(Records from a data source)
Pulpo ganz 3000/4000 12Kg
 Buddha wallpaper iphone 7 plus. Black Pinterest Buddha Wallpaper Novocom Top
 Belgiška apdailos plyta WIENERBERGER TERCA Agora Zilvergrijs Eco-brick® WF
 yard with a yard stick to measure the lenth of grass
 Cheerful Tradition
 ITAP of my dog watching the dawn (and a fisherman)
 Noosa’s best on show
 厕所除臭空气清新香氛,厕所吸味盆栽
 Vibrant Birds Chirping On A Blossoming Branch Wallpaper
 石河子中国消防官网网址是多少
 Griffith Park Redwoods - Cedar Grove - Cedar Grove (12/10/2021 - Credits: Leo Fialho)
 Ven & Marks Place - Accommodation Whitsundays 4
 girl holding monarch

**WORK TASK**
Count the lines of the data that hold the word "Wallpaper". Report the count and nothing more.

**ANSWER**
2